Small habits.  We've all got 'em.  You know, the little things you do which save money but they're so much part of your nature that you don't even think about them.  I haven't always been a thrifty gal but since I've retired I've acquired new habits which are now second nature.  

Small habit number one has to be budgetting and tracking.  I use budgetting software (which I won!) and every purchase is recorded.  At the end of each month I do my personal financial report, telling myself what I have spent on the house, the car, treats etc.  Just being aware of what I spend has a restraining effect on spending.  I set goals each month, some of which I share on this blog, and review my success or failure and why I got the result that I did.  I also keep a spreadsheet called "Essential budgetting information" on which I predict cashflow so I can move money into the current account if needed.

Small habit number two again involves this laptop quite a lot.  Many people can save money by growing things, using public transport etc. but disability means I can't.  However, when I sit down for necessary breaks I always pick up the laptop and do a survey or maybe a few competitions.  Neither brings in a huge income but together they make a small but significant contribution to the budget.

Habit number three involves not a laptop but a good old fashioned notebook.  In it I note my shopping needs thus avoiding unnecessary trips to the shops.  I also note guide prices so that I can stock up when I see a staple (eg laundry powder) at a good price.  I also write down things to research before I buy.  Yesterday, for example, I was looking at plants in a garden centre and almost bought a skimmia but noticed that there were several different varieties available.  I don't trust the glowing terms which growers use to try and get me to buy so I noted the varieties available and will check before I invest my garden tokens.  Hurrah for notebooks of the use-with-a-pencil kind.


  1. Great tips.
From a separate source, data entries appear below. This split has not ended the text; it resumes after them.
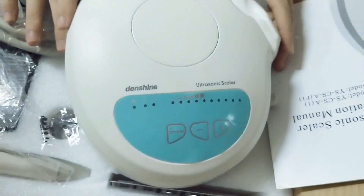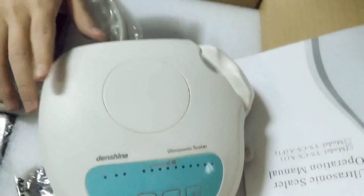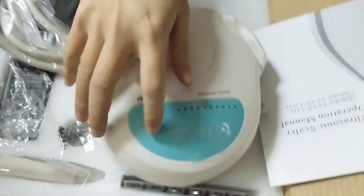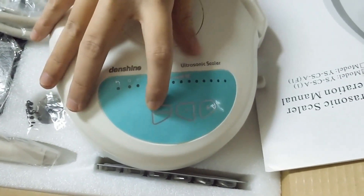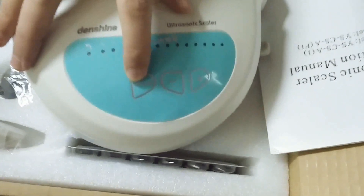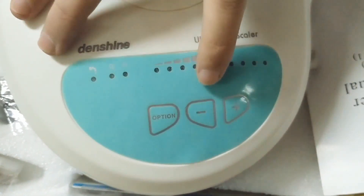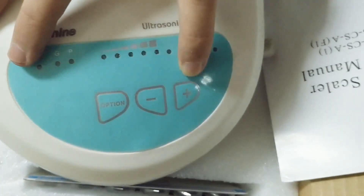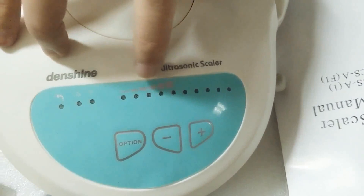Please look at the main unit. There are four buttons here. This is the water button, and this is the option button, which contains option G and option P. The rest are minus button and plus button, which can be used to change the turn in diversity levels.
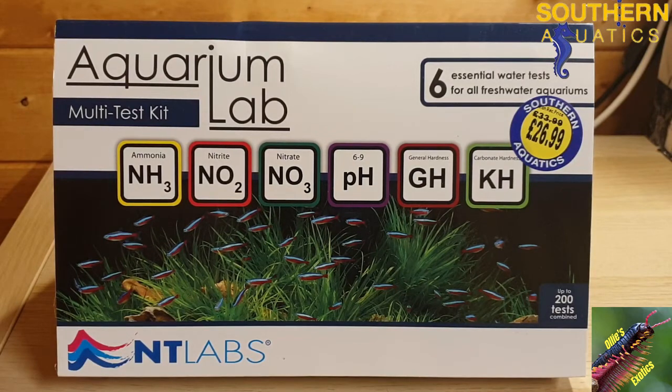Hello everyone and welcome back to another video from Ollie's Exotics. Sorry I haven't posted in a while, I've been busy with various things, but today I'm going to be talking to you about the NT Labs Aquarium Multi Test Kit.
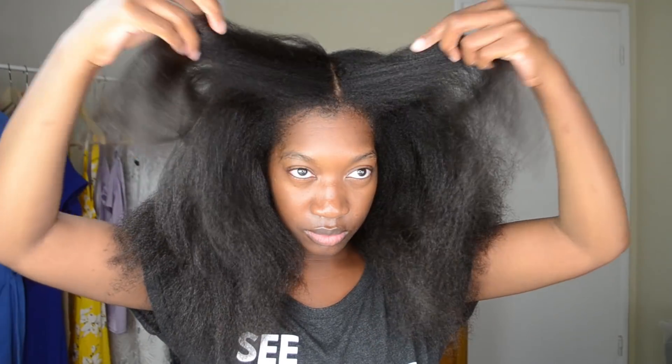And this is the finished product! Thank you so much for watching. If you're not a subscriber, please subscribe so you can see more videos like this. Don't forget to comment, like, and share. Peace and blessings, and I will see you all in the next video. Bye!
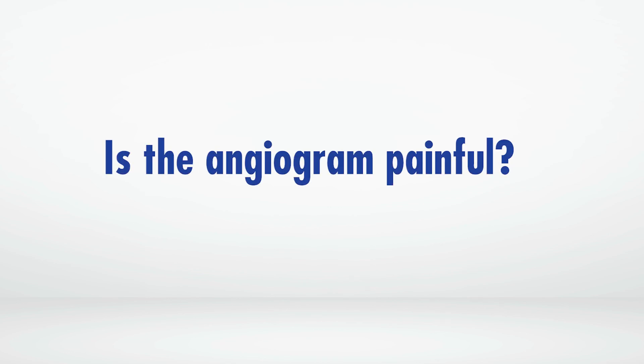Most people go back to work either within 24 to 48 hours. Will you have any pain or discomfort while you're recovering? Typically no. The insertion site is similar to a large IV. When the doctor puts that in they use local anesthetic such as lidocaine.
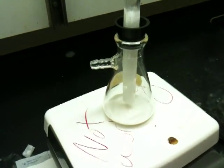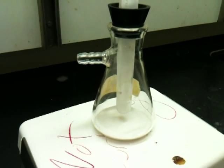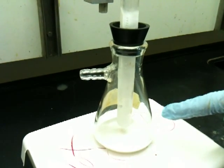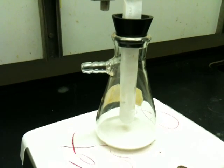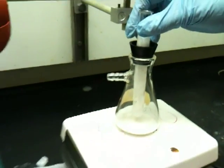What we discovered is that it's best, when the sublimation is over, to not try to get the compound off the finger right away. We find it's best to put this apparatus in your locker, let it sit for a couple of days, and let the dry ice just evaporate out of the tube. When you come back, the caffeine should be nice and dry, and you should be able to scrape it off the finger.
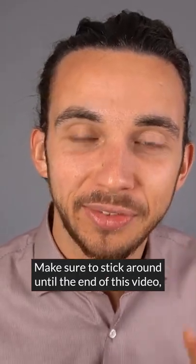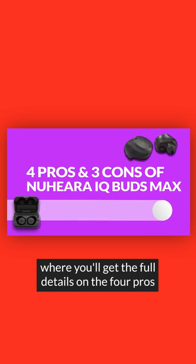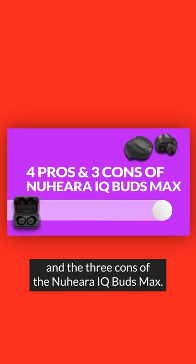Make sure to stick around until the end of this video where you'll get the full details on the four pros and the three cons of the Nuheara IQbuds Max.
Knowledge is power, only by knowing your income and spending can you begin to save. So many people have no idea of what things cost.
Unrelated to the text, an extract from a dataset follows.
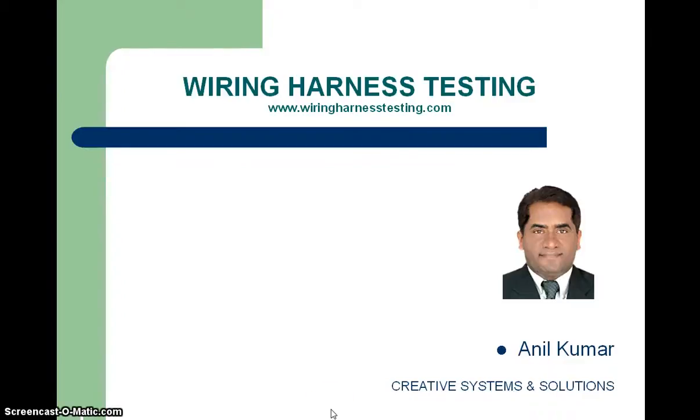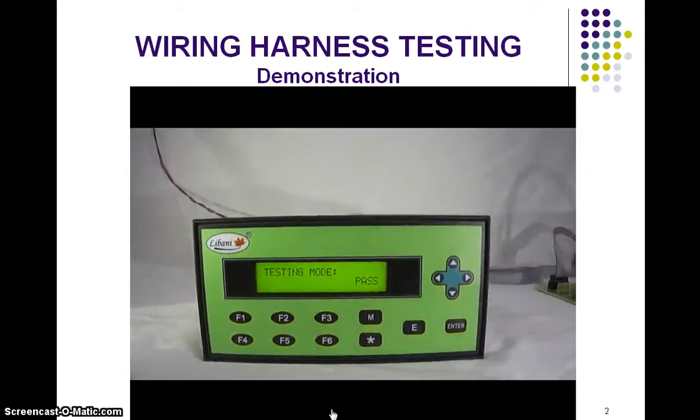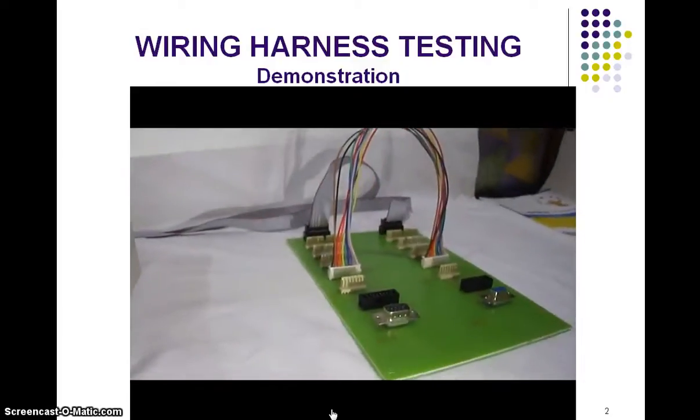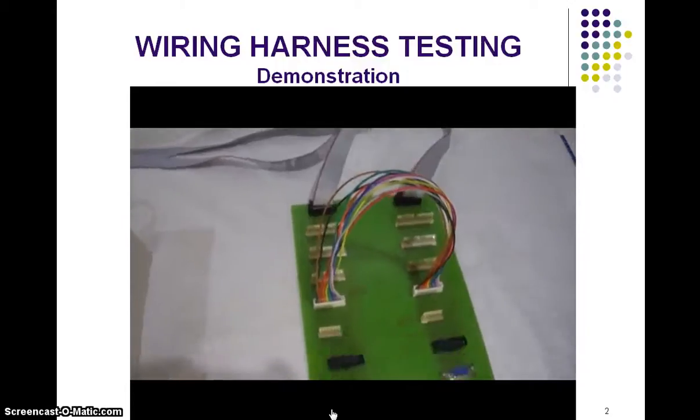Hello, welcome to this demonstration of wiring harness testing. This system has a central control panel which is connected through FRC cables to a fixture board. This fixture board has a number of connectors which are to be tested. You can also have additional connectors as per your choice.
  2. We recorded our spending for three months, it was a true eye opener, we are more careful, we always take a shopping list, if you forget something a quick trip to the shops always cost too much.

  3. I use a notebook, too, the kind you use with a pencil. I make lists and write down things to research, including sites I hear about. In the notebooks I write anything I want to remember that doctors offices tell me when I call--like when I called and the fact I am told they will call me back.
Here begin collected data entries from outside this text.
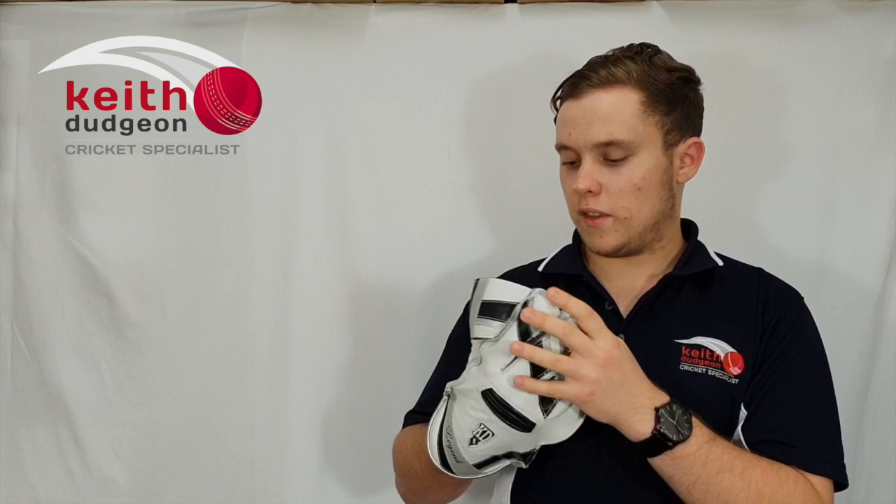Overall these are a fantastic glove — top of the line in the KD range. They look really great, they're super comfortable, and most of all give you heaps of protection. I'd highly recommend these and suggest you come and try them on in-store.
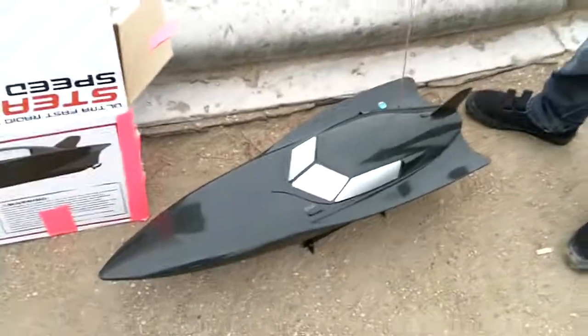It's really cool. I mean, it goes fast. That's the boat, that's awesome. Wicked!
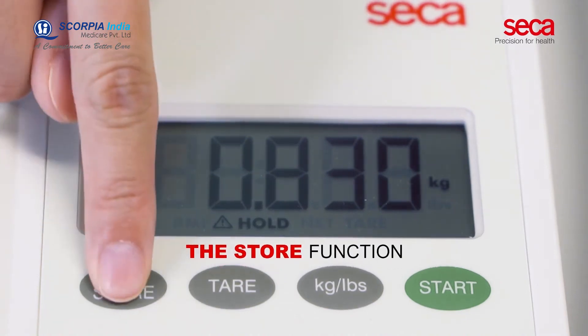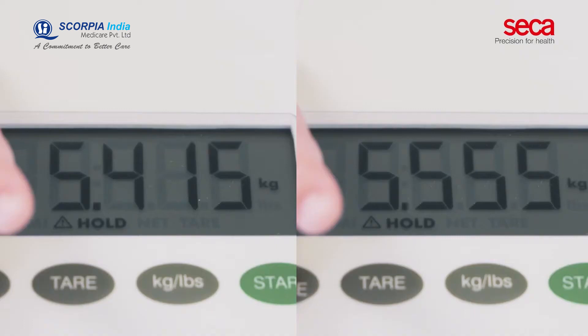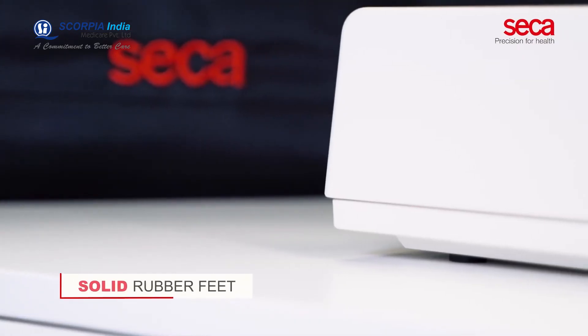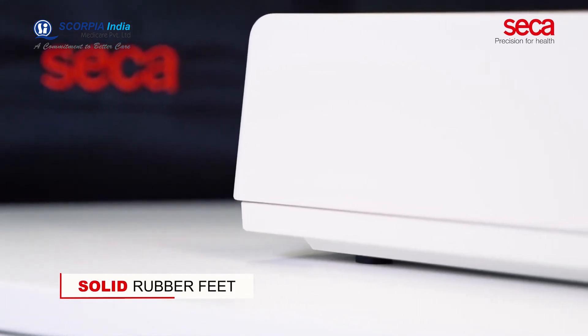The store function calculates the amount of breast milk intake — the subject is weighed before and after breastfeeding. The solid rubber feet of Sika 334 ensure a firm stand on any surface.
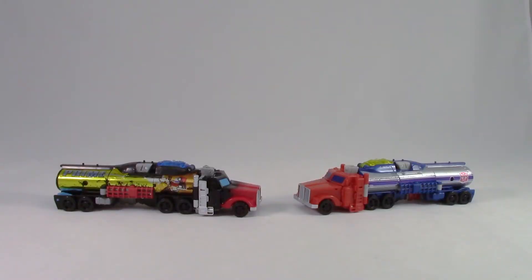Hey all, and welcome back. So today we have a special review: the G2 Optimus Prime repaint from the Chaos on Velocitron Toys R Us gift set. I'm going to do this review a little bit differently, since I've covered this bot before and you all may have the original release. I'm mostly just going to do comparison rather than cover transformation and things like that.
  4. I used to use an excellent programme for budgeting called simply 'Money', and I really miss it since it was discontinued by Microsoft. It was easy to use and a straight-forward, accurate way of seeing how much money would be needed for future expenses, what had been spent and how to economise. It sounds as though your current programme is working well, so please can you tell me the name of it? I'd love to have a look and see if I can download it for my own use. xx

    1. I use YNAB say why-nab. You Need A Budget. I think it is absolutely brilliant as it helps me integrate all my accounts (including cash) for both budgetting and tracking. The downside is that it isn't cheap although you can get a decent free trial period. I won my software. It's pretty intuitive to use.

    2. You could go on to YouTube and have a look at the system as they do weekly pep talks. I have heard it said that they treat their clients like gold and I have to say that I have been very impressed with the support. They do webinars to help you get started and to help you with various aspects.